1 For this Melchizedek, king of Salem, priest of the Most High God, met Abraham who was returning from the defeat of kings and blessed him. 2 Abraham apportioned a tenth of everything to him. First, (his name) is translated as “king of righteousness,” then also “king of Salem,” which is “king of peace.” 3 Without father, without mother and no genealogy, not having beginning of days nor the end of life, like the Son of God, he remains a priest continuously.

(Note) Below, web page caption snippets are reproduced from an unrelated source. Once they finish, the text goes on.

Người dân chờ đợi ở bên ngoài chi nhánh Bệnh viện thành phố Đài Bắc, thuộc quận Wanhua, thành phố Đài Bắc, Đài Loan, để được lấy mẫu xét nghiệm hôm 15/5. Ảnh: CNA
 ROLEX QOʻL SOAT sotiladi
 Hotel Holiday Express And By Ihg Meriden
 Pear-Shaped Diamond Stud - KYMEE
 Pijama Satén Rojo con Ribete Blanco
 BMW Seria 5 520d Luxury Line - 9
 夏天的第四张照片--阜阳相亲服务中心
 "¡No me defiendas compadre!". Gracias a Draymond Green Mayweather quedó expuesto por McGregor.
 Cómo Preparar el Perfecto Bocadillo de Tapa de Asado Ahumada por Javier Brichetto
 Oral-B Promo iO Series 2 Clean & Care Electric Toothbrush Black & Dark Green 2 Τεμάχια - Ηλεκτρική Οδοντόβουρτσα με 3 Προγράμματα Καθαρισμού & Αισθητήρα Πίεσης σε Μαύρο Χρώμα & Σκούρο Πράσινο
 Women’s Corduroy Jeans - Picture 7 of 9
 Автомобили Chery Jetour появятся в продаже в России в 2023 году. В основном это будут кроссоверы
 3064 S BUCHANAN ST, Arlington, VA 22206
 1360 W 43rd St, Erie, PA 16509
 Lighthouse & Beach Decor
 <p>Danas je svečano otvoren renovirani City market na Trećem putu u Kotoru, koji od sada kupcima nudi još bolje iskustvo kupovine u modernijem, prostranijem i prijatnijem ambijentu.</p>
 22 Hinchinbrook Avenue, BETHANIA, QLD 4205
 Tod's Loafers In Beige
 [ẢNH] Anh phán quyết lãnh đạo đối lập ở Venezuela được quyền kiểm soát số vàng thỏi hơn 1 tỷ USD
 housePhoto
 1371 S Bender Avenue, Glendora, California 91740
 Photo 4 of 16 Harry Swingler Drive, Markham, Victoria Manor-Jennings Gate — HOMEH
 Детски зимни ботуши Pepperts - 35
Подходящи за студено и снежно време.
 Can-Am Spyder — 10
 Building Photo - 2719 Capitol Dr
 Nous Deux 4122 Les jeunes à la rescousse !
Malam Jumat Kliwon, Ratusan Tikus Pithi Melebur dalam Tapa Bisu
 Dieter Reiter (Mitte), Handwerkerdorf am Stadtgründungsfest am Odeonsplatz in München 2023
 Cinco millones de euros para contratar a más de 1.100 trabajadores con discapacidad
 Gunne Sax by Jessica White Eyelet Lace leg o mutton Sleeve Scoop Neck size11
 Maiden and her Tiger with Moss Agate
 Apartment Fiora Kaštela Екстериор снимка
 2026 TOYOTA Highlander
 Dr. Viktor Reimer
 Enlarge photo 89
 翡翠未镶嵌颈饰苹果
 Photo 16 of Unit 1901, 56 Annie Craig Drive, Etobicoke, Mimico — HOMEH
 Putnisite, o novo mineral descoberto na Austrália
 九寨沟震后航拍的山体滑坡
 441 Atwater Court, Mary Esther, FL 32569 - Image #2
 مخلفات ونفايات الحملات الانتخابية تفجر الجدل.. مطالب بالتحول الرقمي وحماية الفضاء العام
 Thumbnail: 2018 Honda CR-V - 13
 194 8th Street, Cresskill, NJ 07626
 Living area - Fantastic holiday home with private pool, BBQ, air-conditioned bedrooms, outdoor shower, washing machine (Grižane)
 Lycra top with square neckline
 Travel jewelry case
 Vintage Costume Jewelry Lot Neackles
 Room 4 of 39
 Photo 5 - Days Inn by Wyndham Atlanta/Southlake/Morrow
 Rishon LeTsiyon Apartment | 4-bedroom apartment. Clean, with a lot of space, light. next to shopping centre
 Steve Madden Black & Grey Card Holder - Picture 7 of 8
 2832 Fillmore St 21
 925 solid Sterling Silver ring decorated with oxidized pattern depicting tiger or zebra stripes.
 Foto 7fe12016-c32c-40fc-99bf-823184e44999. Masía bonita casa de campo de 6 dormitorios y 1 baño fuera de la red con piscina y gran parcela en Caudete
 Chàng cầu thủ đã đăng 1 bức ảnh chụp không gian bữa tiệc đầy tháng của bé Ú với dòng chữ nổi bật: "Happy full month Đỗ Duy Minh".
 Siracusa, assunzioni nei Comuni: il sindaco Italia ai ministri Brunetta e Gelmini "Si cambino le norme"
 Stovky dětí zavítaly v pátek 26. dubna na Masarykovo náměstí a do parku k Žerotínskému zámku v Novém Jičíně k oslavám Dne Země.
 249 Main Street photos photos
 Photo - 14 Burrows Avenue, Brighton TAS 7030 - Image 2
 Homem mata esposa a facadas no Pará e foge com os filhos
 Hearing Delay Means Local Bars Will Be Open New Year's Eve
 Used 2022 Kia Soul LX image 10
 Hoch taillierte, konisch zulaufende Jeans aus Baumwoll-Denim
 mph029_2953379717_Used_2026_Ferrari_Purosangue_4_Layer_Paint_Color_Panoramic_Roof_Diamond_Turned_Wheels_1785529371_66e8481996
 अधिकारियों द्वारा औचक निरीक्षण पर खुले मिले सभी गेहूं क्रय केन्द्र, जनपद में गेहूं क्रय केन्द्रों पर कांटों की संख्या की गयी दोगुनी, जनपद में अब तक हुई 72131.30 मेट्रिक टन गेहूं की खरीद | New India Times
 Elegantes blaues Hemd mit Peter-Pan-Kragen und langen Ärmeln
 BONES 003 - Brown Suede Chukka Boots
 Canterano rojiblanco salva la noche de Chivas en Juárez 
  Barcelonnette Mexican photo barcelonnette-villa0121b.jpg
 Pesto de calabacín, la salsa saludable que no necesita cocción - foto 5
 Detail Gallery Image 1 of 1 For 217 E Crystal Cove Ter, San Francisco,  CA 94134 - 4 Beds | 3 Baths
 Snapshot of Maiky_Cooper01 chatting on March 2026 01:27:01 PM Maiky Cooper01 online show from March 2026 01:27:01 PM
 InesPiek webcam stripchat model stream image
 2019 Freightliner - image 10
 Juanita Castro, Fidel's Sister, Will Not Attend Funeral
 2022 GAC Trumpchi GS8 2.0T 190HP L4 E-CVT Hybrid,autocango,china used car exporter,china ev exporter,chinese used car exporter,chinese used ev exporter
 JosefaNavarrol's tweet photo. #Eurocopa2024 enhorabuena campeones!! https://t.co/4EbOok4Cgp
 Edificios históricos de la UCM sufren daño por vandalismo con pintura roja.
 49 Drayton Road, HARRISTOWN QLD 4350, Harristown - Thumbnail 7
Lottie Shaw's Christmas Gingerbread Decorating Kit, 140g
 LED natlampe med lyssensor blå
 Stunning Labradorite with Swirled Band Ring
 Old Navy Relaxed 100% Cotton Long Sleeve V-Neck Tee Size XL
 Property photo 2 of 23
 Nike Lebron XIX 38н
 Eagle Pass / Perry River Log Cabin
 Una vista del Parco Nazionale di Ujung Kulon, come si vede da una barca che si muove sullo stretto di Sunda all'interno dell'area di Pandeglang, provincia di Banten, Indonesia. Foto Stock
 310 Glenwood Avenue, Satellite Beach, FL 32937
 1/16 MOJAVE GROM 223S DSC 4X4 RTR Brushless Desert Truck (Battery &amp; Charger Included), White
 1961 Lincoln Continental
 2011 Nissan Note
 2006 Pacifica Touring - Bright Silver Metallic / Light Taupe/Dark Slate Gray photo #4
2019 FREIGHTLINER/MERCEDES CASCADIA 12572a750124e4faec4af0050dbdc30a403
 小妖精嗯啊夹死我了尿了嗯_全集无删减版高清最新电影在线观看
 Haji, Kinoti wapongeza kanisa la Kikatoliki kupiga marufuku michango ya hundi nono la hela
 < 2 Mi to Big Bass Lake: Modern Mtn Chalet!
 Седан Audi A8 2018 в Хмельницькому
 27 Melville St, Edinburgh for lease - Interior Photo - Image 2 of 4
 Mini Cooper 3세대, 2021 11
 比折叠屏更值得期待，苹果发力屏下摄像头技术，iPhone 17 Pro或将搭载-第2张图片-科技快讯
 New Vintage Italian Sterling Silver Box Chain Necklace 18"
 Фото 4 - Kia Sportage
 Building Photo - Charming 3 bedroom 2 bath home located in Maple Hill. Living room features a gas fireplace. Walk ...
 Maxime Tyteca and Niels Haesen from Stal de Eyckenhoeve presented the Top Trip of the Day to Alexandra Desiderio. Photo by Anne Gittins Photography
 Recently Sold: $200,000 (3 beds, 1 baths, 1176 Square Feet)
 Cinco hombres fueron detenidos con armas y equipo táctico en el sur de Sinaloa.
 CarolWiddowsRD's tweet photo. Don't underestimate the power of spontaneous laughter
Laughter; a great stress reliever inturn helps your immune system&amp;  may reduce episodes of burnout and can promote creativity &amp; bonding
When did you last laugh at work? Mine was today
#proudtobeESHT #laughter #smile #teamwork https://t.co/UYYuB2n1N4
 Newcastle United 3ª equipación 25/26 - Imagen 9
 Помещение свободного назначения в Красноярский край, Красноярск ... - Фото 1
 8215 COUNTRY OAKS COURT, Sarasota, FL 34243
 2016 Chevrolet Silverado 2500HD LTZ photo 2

4 See how great this one is, to whom even the patriarch Abraham gave a tenth of the best spoils! 5 On the one hand, even the descendants of Levi receive the priesthood and by command collect the tenth from the people according to the law, that is, their brothers, even though they descend from the loins of Abraham. 6 But on the other hand, the one without derived descent from them collected the tenth from Abraham and blessed him who had the promises. 7 Without dispute, the lesser is blessed by the greater. 8 Further, in the one case, men who die receive the tithe, but in the other case he is declared as living. 9 So to speak also, through Abraham, Levi who receives the tenth paid the tenth, 10 for he was still in the loins of his ancestor when Melchizedek met him.

Exegetical Comments:

1-2:

The background of this passage is found in Gen. 14:17-24. Abram and an alliance of other kings defeated another king and his allies. Abram gave a tenth of the spoils of war to Melchizedek, who brought out refreshments of bread and wine and blessed Abram. But the patriarch gave away all the rest of the spoils to the other kings, in case they should boast that they have made him rich. This relinquishment means Abram did not tithe perpetually to Melchizedek as some sort of institution or lifelong custom.

See my post Who Was Melchizedek? for my translation of all of Heb. 7 and a verse by verse exposition of Gen. 14:17-24.

Also see my post: Why Tithing Does Not Apply to New Covenant Believers

The meaning of Melchizedek’s name adds more spiritual significance to his person or character or ministry. He was a righteous priest and king of Salem who seems to appear out of nowhere. Somehow he came to know the true God.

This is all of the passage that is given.